── Data to process
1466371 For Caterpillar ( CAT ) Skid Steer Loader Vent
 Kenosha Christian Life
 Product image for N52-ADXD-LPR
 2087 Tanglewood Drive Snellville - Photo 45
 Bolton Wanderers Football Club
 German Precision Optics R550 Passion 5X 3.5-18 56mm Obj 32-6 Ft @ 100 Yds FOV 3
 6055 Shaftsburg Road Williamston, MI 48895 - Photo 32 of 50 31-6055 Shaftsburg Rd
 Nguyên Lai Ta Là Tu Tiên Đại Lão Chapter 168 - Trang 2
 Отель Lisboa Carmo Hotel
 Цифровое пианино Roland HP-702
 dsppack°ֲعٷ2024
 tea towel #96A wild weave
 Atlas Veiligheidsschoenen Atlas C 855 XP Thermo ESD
────
_What the task asks_: Please repeat the material exactly as it appears above.

_Answer space_:
1466371 For Caterpillar ( CAT ) Skid Steer Loader Vent
 Kenosha Christian Life
 Product image for N52-ADXD-LPR
 2087 Tanglewood Drive Snellville - Photo 45
 Bolton Wanderers Football Club
 German Precision Optics R550 Passion 5X 3.5-18 56mm Obj 32-6 Ft @ 100 Yds FOV 3
 6055 Shaftsburg Road Williamston, MI 48895 - Photo 32 of 50 31-6055 Shaftsburg Rd
 Nguyên Lai Ta Là Tu Tiên Đại Lão Chapter 168 - Trang 2
 Отель Lisboa Carmo Hotel
 Цифровое пианино Roland HP-702
 dsppack°ֲعٷ2024
 tea towel #96A wild weave
 Atlas Veiligheidsschoenen Atlas C 855 XP Thermo ESD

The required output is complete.